◆ TASK PROMPT
Reproduce the full listing below exactly. Do not include the pictures.

═══ DATA SECTION ═══

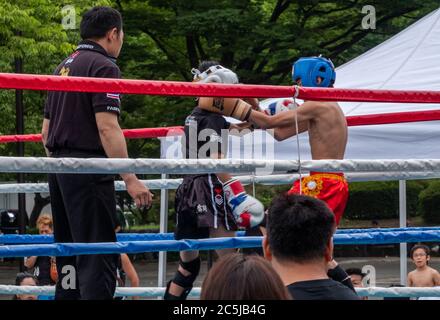 Junge Muay Thai Kämpfer in einem Ring während des jährlichen Thai Festival im Yoyogi Park, Tokio, Japan statt Stockfoto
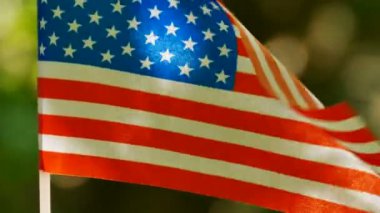 4k. Orman yeşil arka plan, Amerikan bayrağı yakın atış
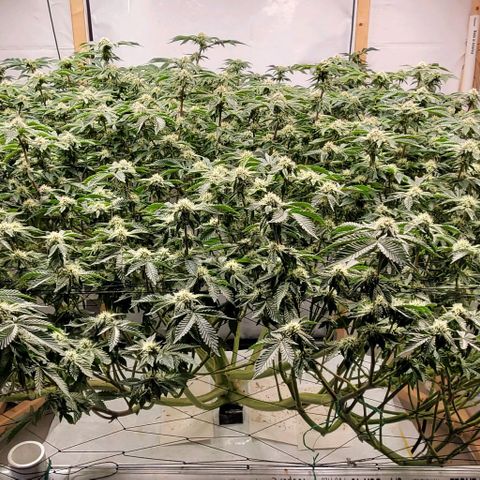 Glookies growlog timeline photo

═══

◆ TASK SOLUTION
 Junge Muay Thai Kämpfer in einem Ring während des jährlichen Thai Festival im Yoyogi Park, Tokio, Japan statt Stockfoto
 4k. Orman yeşil arka plan, Amerikan bayrağı yakın atış
 Glookies growlog timeline photo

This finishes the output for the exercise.